Let ${(a_n)}_{n\in \mathbb{N}},{(b_n)}_{n\in \mathbb{N}},{(c_n)}_{n\in \mathbb{N}},{({\alpha }_n)}_{n\in \mathbb{N}}\subset (0,\mathrm{\infty })$ be sequences with $a_{n+1}\le (1-{\alpha }_n)a_n+{\alpha }_n{b}_n+c_n$ ($n\in \mathbb{N}$). Suppose that ${\sum }_{n=0}^{\mathrm{\infty }}{\alpha }_n=\mathrm{\infty }$, ${lim\hspace{0.17em}sup}_{n\to \mathrm{\infty }}{b}_n\le 0$, and ${\sum }_{n=0}^{\mathrm{\infty }}{c}_n<\mathrm{\infty }$. Then ${lim}_{n\to \mathrm{\infty }}{a}_n=0$.

Proposition 2.3 [[19], Lemma 1]

Suppose that ${(x_n)}_{n\in \mathbb{N}}\subset H$ weakly converges to $x\in H$ and $y\ne x$. Then ${lim\hspace{0.17em}inf}_{n\to \mathrm{\infty }}\parallel x_n-x\parallel <{lim\hspace{0.17em}inf}_{n\to \mathrm{\infty }}\parallel x_n-y\parallel$.

3 Acceleration of the Halpern algorithm

We present the following algorithm.

Algorithm 3.1

Step 0. Choose $\mu \in (0,1]$, $\alpha >0$, and $x_0\in H$ arbitrarily, and set ${({\alpha }_n)}_{n\in \mathbb{N}}\subset (0,1)$, ${({\beta }_n)}_{n\in \mathbb{N}}\subset [0,\mathrm{\infty })$. Compute $d_0:=(T(x_0)-x_0)/\alpha$.

Step 1. Given $x_n,d_n\in H$, compute $d_{n+1}\in H$ by

$$d_{n+1}:=\frac{1}{\alpha }(T(x_n)-x_n)+{\beta }_n{d}_n.$$

Compute $x_{n+1}\in H$ as follows.

$$\{\begin{array}{c}{y}_n:=x_n+\alpha d_{n+1},\hfill \\ x_{n+1}:=\mu {\alpha }_n{x}_0+(1-\mu {\alpha }_n)y_n.\hfill \end{array}$$

Put $n:=n+1$, and go to Step 1.

We can check that Algorithm 3.1 coincides with the Halpern algorithm (1) when ${\beta }_n:=0$ ($n\in \mathbb{N}$) and $\mu :=1$.

This section makes the following assumptions.
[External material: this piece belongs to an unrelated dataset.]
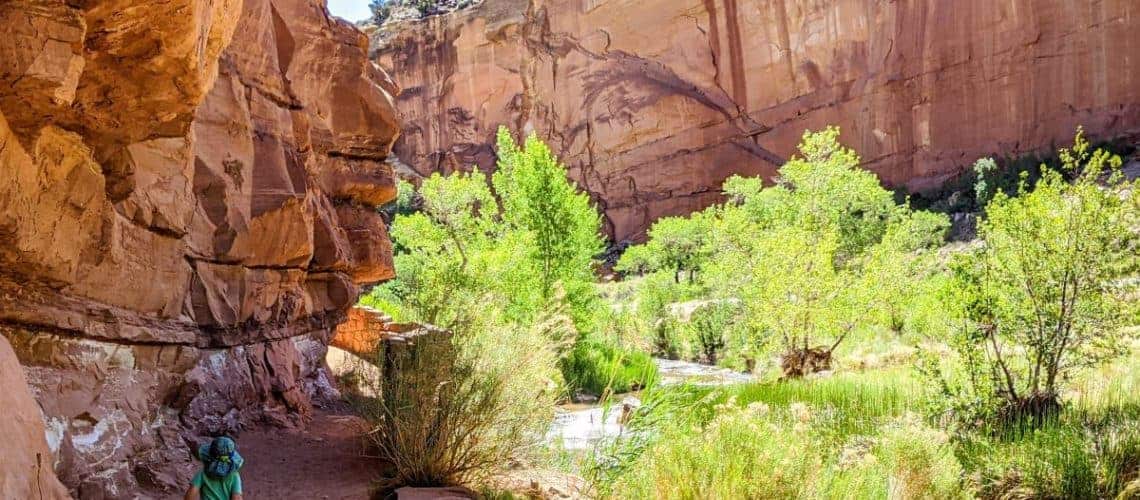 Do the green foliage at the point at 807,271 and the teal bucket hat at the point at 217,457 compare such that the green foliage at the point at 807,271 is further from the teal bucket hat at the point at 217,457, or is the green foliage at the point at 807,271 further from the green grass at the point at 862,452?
the teal bucket hat at the point at 217,457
Assumption 3.1 The sequences ${({\alpha }_n)}_{n\in \mathbb{N}}$ and ${({\beta }_n)}_{n\in \mathbb{N}}$ satisfy^a

$$\begin{array}{r}(\mathrm{C}1)\underset{n\to \mathrm{\infty }}{lim}{\alpha }_n=0,(\mathrm{C}2)\sum _{n=0}^{\mathrm{\infty }}{\alpha }_n=\mathrm{\infty },(\mathrm{C}3)\sum _{n=0}^{\mathrm{\infty }}|{\alpha }_{n+1}-{\alpha }_n|<\mathrm{\infty },\\ (\mathrm{C}4){\beta }_n\le {\alpha }_n^2(n\in \mathbb{N}).\end{array}$$

Moreover, ${(x_n)}_{n\in \mathbb{N}}$ in Algorithm 3.1 satisfies

$$(\mathrm{C}5){(T(x_n)-x_n)}_{n\in \mathbb{N}}\text{ is bounded}.$$

Let us do a convergence analysis of Algorithm 3.1.
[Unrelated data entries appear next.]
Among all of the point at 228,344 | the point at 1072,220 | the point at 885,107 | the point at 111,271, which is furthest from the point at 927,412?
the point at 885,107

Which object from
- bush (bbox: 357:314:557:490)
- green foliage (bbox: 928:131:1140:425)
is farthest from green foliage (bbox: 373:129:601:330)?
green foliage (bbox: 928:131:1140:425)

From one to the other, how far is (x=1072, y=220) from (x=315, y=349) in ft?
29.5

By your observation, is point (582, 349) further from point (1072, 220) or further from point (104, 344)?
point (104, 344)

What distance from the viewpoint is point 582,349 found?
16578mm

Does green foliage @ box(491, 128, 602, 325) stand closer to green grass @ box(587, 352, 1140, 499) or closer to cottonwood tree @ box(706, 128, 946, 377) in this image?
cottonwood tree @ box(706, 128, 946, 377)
Theorem 3.1 Under Assumption  3.1, the sequence ${(x_n)}_{n\in \mathbb{N}}$ generated by Algorithm  3.1 strongly converges to $P_{Fix(T)}(x_0)$.
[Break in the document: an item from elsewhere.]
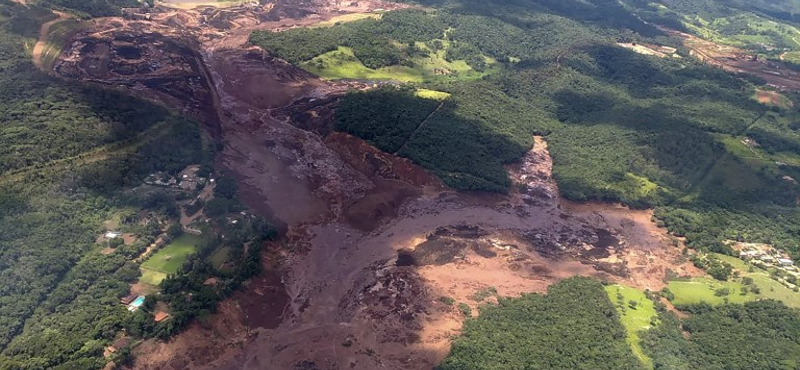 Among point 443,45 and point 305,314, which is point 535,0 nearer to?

Algorithm 3.1 when ${\beta }_n:=0$ ($n\in \mathbb{N}$) is the Halpern algorithm defined by

$$x_{n+1}:=\mu {\alpha }_n{x}_0+(1-\mu {\alpha }_n)T(x_n)(n\in \mathbb{N}).$$

Hence, the nonexpansivity of T ensures that, for all $x\in Fix(T)$ and for all $n\in \mathbb{N}$,

$$\begin{array}{rl}\parallel x_{n+1}-x\parallel & =\parallel \mu {\alpha }_n(x_0-x)+(1-\mu {\alpha }_n)(T(x_n)-x)\parallel \\ \le \mu {\alpha }_n\parallel x_0-x\parallel +(1-\mu {\alpha }_n)\parallel T(x_n)-x\parallel \\ \le \mu {\alpha }_n\parallel x_0-x\parallel +(1-\mu {\alpha }_n)\parallel x_n-x\parallel .\end{array}$$

(5)

Suppose that $n:=0$. From (5), we have $\parallel x_1-x\parallel \le \mu {\alpha }_0\parallel x_0-x\parallel +(1-\mu {\alpha }_0)\parallel x_0-x\parallel =\parallel x_0-x\parallel$. Assume that $\parallel x_m-x\parallel \le \parallel x_0-x\parallel$ for some $m\in \mathbb{N}$. Then (5) implies that $\parallel x_{m+1}-x\parallel \le \mu {\alpha }_m\parallel x_0-x\parallel +(1-\mu {\alpha }_m)\parallel x_m-x\parallel \le \mu {\alpha }_m\parallel x_0-x\parallel +(1-\mu {\alpha }_m)\parallel x_0-x\parallel =\parallel x_0-x\parallel$. Hence, induction guarantees that

$$\parallel x_n-x\parallel \le \parallel x_0-x\parallel (n\in \mathbb{N}).$$

Therefore, we find that ${(x_n)}_{n\in \mathbb{N}}$ is bounded. Moreover, since the nonexpansivity of T ensures that ${(T(x_n))}_{n\in \mathbb{N}}$ is also bounded, (C5) holds. Accordingly, Theorem 3.1 says that if ${({\alpha }_n)}_{n\in \mathbb{N}}$ satisfies (C1)-(C3), Algorithm 3.1 when ${\beta }_n:=0$ ($n\in \mathbb{N}$) (i.e., the Halpern algorithm) strongly converges to $P_{Fix(T)}(x_0)$. This means that Theorem 3.1 is a generalization of the convergence analysis of the Halpern algorithm.

3.1 Proof of Theorem 3.1

We first show the following lemma.

Lemma 3.1 Suppose that Assumption  3.1 holds. Then ${(d_n)}_{n\in \mathbb{N}}$, ${(x_n)}_{n\in \mathbb{N}}$, and ${(y_n)}_{n\in \mathbb{N}}$ are bounded.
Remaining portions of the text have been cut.